Ready to Upgrade? Where to go Next:

As you explore the world of coffee roasting, consider upgrading your setup to achieve greater control and consistency. Here are a few options for you to consider regarding upgrading to more specialized roasting equipment:

  1. Hand-Held Stovetop Roaster: This is the least expensive option and arguably only constitutes an upgrade in that it is portable and is a piece of equipment dedicated to coffee roasting. Using one requires you to constantly shake the roaster to ensure an even roast; speaking from experience, this is hard to do. There is also little place to mount a temperature probe that will provide an accurate reading. A range of options are available, including the Hive and the Zenroast.
  2. Popcorn Popper: Another low-cost option.
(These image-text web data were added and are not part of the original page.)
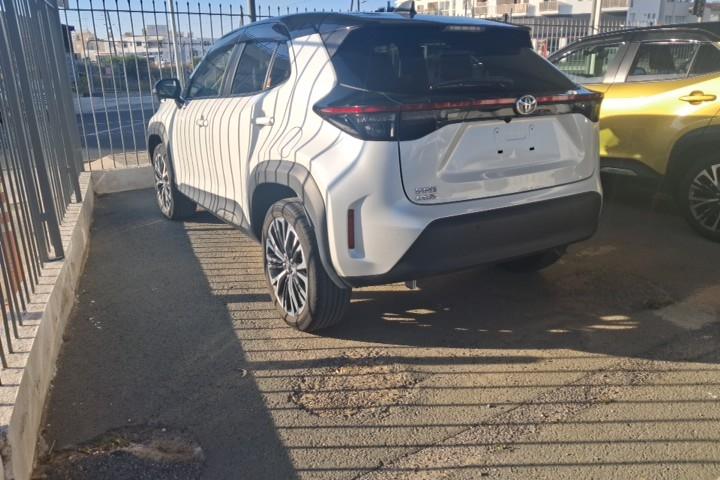 Yaris cross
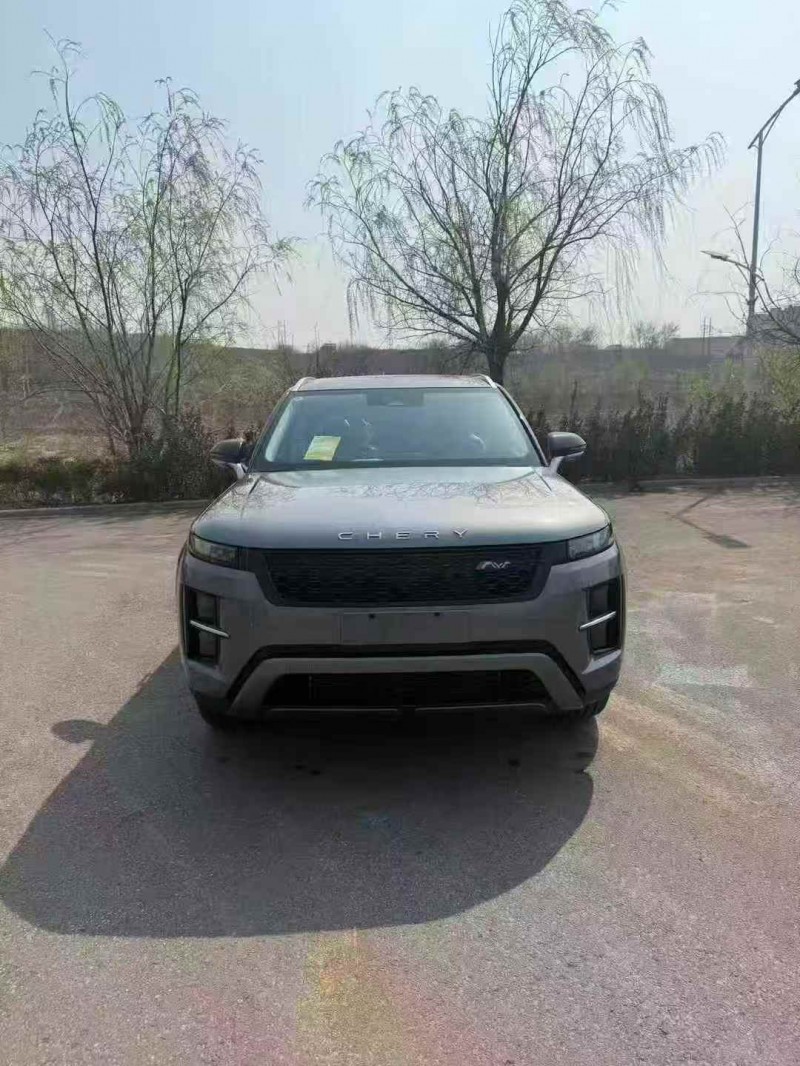 张家口26年奇瑞瑞虎1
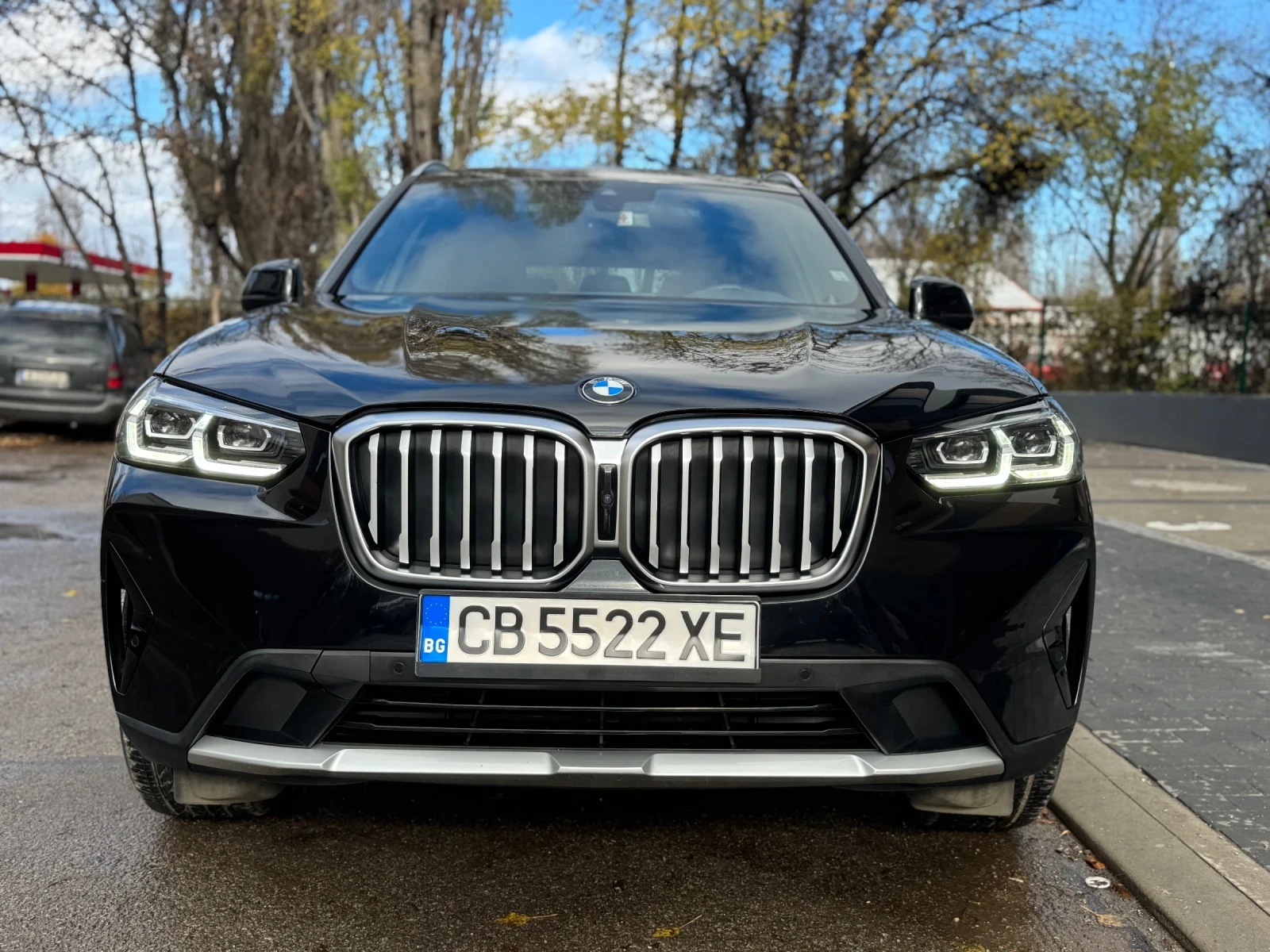 BMW X3  - изображение 2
Popcorn poppers have a low footprint on the counter space, and roasting requires little input from the operator, but there is minimal visibility vis-a-vis temperature or roasting environment. It is easier to take temperature measurements, but it's not as precise as the following few options on our list.
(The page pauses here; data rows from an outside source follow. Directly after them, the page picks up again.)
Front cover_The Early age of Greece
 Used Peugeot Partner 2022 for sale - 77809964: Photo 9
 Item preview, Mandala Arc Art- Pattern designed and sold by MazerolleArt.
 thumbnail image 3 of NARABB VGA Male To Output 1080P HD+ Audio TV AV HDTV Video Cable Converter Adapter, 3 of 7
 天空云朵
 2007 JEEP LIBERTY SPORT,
  3. Air Roaster: small countertop air roasters are an excellent option for people interested in roasting at home and looking for more insight and precision. These can range in price from sever hundred to more than $1000 depending on the number of features and the capacity. Air roasting is most efficient and cost-effective at smaller scales because they can use electricity to heat cols as the heat source rather than relying on gas. We recommend the Fresh Roast line as an entry-level roaster because it's fairly intuitive and inexpensive compared to other roasters. The parts are easily replaceable, and the newer models incorporate temperature sensors. Although making modifications will void the warranty, there are plenty of guides online on how and where to add temperature sensors and start using roasting software like Artisan. The new Kaffelogic Nano 7 air roaster is marketed as splitting the difference between home roasters and professional sample roasting machines. It costs almost two thousand dollars and is, as of the writing of this article- on backorder, but it boasts a host of features and integrations through its software- Kaffelogic Studio, which can export to Artisan and Cropster.
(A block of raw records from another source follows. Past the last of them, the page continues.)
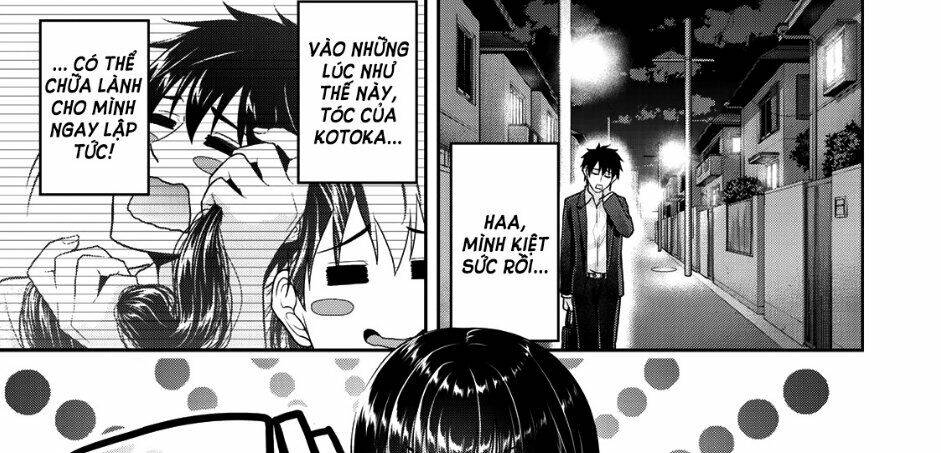 Thứ Mà Đôi Ta Mong Muốn Chap 43 - Next Chap 44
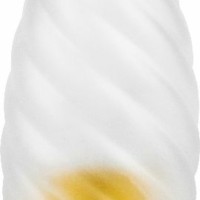 Лампа СДЛ 6LED 3.5Вт 230В E27 6400K матовая золото LB-78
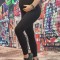 A796-1 Colanti casual pentru gravide in material elastic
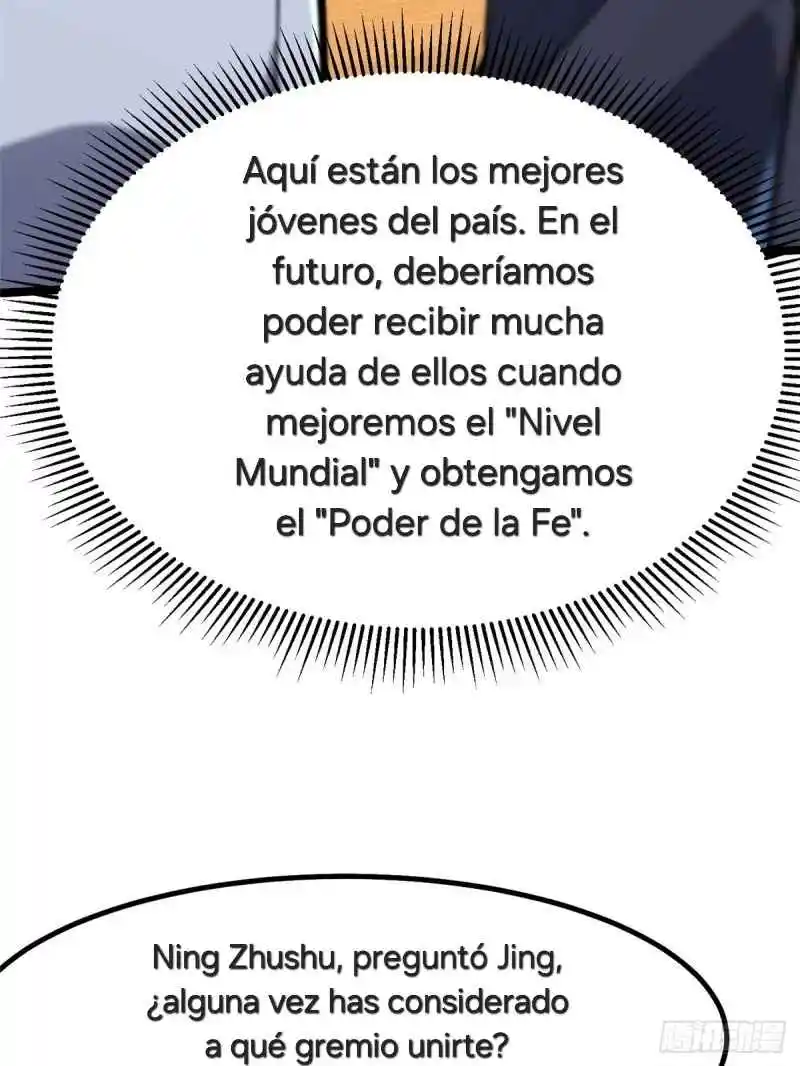 Realmente No Quiero Aprender Hechizos Prohibidos Capítulo 70 - Página 10 en español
  4. Advanced Machines: Consider getting a sample roaster for a more advanced approach. There are many great options on the market, from the Ikawa Home to the one we use at our roastery- the Huky drum sample roaster. These machines are more expensive and will require better ventilation to use. This option is the equivalent of getting a one-group version of a commercial espresso machine for home use- very nice, but not necessary to get a delicious cup of coffee.

We hope that this article has provided you with a few key insights into the process of coffee roasting and that you feel more confident attempting it at home. Just remember to be kind to your neighbours and not set off the fire alarm unnecessarily and watch your beans closely so you don't overshoot.

Remember, at the end of the day, roasting coffee at home is only as complicated and expensive as you want it to be.